THIS IS A MODIFIED FORK OF CHRONO FOR USE WITH GYM-CHRONO. The purpose of this fork is to investigate the use of gym-chrono to train robotic platforms with articulated and wheel-on-limb suspension strategies.
Although Chrono is released under BSD 3 license, any new code under this repo, except the 'main' fork which is pegged to 'main' in Project Chrono, is release under GPL v3.0 license.
This Fork of Chrono contains untested/unmerged features of Chrono authored by Jason Zhou ([email protected]).
These features are not in the main repo for a reason. They might be undocumented, untested, unstable, and there is no guarantee anything will work, even the orginal chrono structure. ORDINARY USERS ARE STRONGLY ENCOURAGED TO USE THE OFFICIAL CHRONO RELEASE, NOT THIS FORK!!!!
This fork is structured as follows:
- 'main' branch matches the official 'main' branch of Project Chrono
- 'jz-main' branch contains all features merged and developed in this fork
- 'feature' branches contain various fix/feature development INP
Distributed under a permissive BSD license, Chrono is an open-source multi-physics package used to model and simulate:
- dynamics of large systems of connected rigid bodies governed by differential-algebraic equations (DAE)
- dynamics of deformable bodies governed by partial differential equations (PDE)
- granular dynamics using either a non-smooth contact formulation resulting in differential variational inequality (DVI) problems or a smooth contact formulation resulting in DAEs
- fluid-solid interaction problems whose dynamics is governed by coupled DAEs and PDEs
- first-order dynamic systems governed by ordinary differential equations (ODE)
Chrono provides a mature and stable code base that continues to be augmented with new features and modules. The core functionality of Chrono provides support for the modeling, simulation, and visualization of rigid and flexible multibody systems with additional capabilities offered through optional modules.
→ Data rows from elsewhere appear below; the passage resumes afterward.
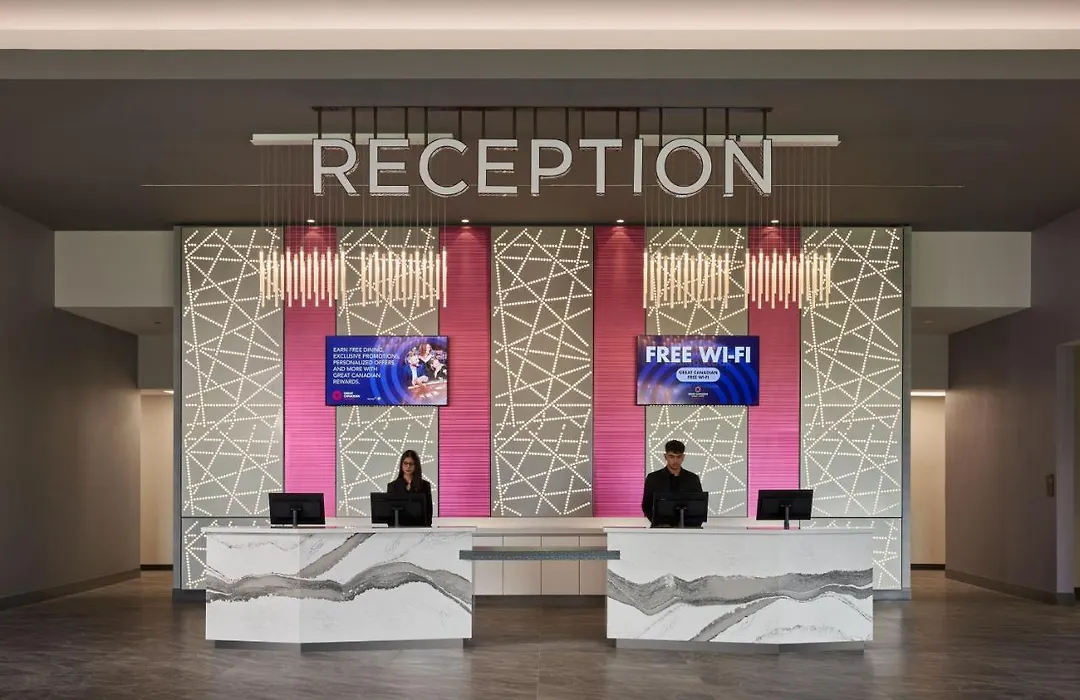 Great Canadian Casino Resort Toronto-1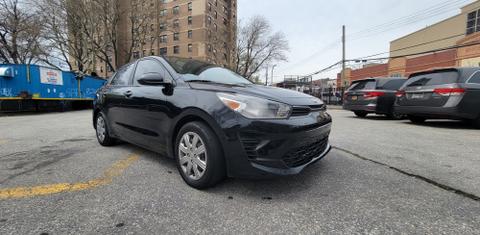 Kia Rio 2021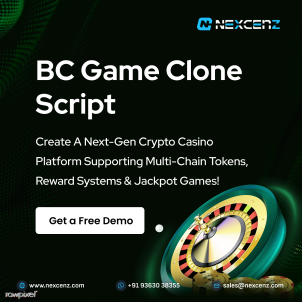 Bc Game Clone Script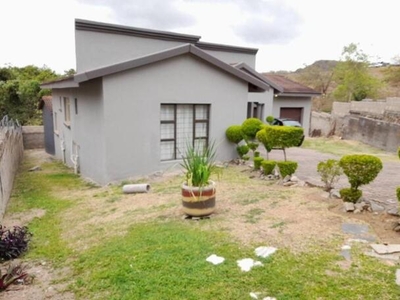 House For Sale In Valencia Park, Nelspruit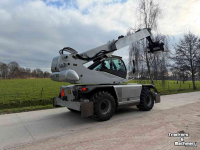 Verreiker Manitou MRT2550 Privilege + Tier 4 roterende verreiker
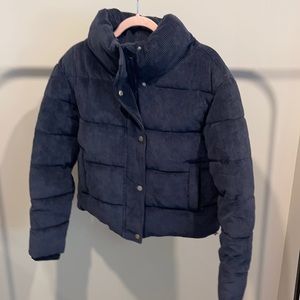 Corduroy Winter Bomber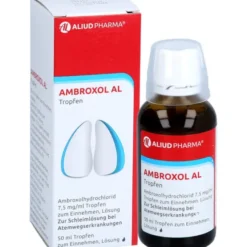AMBROXOL AL Tropfen 50 ml
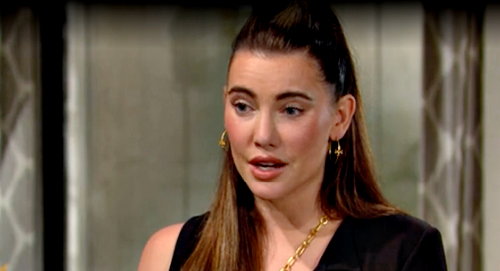 The Bold And The Beautiful Spoilers Steffy Rips Off Linas Mask Exposes Sheila In Horrifying 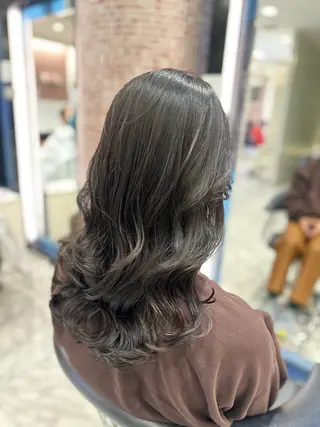 セミロング パーマはお任せ❤️ アサコサユリ🎀の眉毛・アイブロウイメージ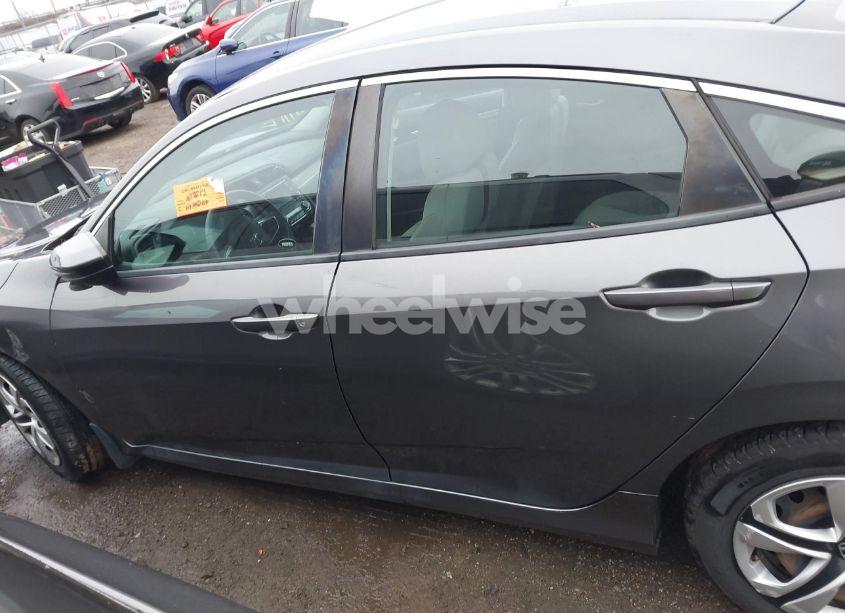 Photo 14 of 2017 Honda Civic LX (VIN 19XFC2F56HE028453)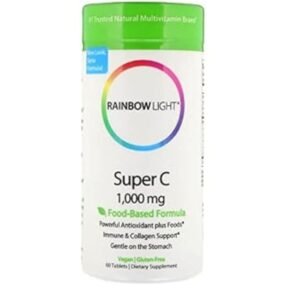 Rainbow Light Super C 1000MG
These modules provide support for additional classes of problems (e.g., granular dynamics and fluid-solid interaction), modeling and simulation of specialized systems (such as ground vehicles), co-simulation, run-time visualization, post-processing, interfaces to external linear solvers, or specialized parallel computing algorithms (multi-core, GPU, and distributed) for large-scale simulations.
Used in many different scientific and engineering problems by researchers from academia, industry, and government, Chrono has mature and sophisticated support for multibody dynamics, finite element analysis, granular dynamics, fluid-solid interaction, ground vehicle simulation and vehicle-terrain interaction.
Implemented almost entirely in C++, Chrono also provides Python and C# APIs. The build system is based on CMake. Chrono is platform-independent and is actively tested on Linux, Windows, and MacOS using a variety of compilers.